- Task details: Would you return the lines between the one holding "Găng tay len" and the one holding "Metallic Style Gold", inclusive, and only those, exactly as they stand in the listing below?

- Data for this exercise:
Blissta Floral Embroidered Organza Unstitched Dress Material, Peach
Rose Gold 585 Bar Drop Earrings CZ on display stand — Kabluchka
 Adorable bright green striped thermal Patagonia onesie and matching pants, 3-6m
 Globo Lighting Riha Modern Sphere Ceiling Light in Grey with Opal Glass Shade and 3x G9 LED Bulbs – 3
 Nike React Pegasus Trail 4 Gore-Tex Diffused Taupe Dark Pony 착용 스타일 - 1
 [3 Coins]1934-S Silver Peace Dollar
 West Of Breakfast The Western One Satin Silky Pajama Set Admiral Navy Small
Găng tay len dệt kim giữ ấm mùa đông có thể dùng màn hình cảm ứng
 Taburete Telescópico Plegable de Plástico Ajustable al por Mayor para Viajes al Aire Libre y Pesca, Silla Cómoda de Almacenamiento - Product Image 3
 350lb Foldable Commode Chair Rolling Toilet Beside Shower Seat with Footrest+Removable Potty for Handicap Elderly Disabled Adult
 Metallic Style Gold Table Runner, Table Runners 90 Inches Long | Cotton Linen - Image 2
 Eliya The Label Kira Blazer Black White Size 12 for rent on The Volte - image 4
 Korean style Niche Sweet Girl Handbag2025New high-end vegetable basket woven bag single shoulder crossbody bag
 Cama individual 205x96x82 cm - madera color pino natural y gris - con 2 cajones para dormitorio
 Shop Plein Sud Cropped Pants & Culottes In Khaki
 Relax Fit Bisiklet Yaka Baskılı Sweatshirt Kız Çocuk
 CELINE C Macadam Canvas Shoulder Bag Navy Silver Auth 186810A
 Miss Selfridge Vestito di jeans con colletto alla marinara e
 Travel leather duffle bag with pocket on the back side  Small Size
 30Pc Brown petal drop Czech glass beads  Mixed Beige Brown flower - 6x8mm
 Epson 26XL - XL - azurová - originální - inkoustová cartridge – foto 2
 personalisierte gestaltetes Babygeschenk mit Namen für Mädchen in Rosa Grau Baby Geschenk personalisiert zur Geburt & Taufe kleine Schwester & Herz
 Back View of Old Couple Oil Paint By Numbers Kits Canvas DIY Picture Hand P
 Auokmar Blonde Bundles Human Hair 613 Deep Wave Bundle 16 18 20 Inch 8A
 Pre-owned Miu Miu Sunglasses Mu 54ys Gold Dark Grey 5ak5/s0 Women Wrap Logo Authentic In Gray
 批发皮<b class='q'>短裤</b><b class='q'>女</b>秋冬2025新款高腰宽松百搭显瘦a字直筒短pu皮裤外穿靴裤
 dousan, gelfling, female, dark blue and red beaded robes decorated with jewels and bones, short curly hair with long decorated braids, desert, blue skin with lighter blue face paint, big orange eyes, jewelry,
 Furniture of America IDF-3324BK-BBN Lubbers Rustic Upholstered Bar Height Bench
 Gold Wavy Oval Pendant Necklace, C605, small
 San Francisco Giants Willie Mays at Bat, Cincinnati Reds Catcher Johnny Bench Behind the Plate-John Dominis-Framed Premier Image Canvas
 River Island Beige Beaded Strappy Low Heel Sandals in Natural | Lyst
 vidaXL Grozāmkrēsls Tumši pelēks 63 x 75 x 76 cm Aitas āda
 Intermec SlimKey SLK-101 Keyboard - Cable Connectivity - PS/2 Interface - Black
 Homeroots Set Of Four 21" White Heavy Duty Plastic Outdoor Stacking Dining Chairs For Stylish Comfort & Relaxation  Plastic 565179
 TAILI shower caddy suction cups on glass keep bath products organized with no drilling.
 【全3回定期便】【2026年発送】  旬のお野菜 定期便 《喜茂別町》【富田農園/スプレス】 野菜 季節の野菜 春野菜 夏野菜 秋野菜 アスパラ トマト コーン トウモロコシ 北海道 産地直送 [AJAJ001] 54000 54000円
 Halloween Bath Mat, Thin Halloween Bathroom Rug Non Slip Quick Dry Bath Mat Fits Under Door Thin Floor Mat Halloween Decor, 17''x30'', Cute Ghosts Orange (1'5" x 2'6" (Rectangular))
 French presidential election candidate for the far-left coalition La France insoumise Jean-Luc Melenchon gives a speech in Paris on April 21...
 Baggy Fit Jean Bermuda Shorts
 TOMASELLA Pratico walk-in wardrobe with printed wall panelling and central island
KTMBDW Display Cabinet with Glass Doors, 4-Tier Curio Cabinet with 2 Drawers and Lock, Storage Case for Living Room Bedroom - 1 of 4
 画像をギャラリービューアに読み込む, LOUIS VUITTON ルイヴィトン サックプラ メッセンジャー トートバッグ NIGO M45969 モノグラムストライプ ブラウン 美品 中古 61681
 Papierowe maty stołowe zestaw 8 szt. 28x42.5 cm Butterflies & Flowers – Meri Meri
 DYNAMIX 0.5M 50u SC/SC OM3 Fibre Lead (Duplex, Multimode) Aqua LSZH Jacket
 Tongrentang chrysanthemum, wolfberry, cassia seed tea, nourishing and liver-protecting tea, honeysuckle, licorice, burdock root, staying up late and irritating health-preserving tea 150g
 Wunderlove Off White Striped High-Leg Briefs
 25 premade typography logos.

- Response to the task:
Găng tay len dệt kim giữ ấm mùa đông có thể dùng màn hình cảm ứng
 Taburete Telescópico Plegable de Plástico Ajustable al por Mayor para Viajes al Aire Libre y Pesca, Silla Cómoda de Almacenamiento - Product Image 3
 350lb Foldable Commode Chair Rolling Toilet Beside Shower Seat with Footrest+Removable Potty for Handicap Elderly Disabled Adult
 Metallic Style Gold Table Runner, Table Runners 90 Inches Long | Cotton Linen - Image 2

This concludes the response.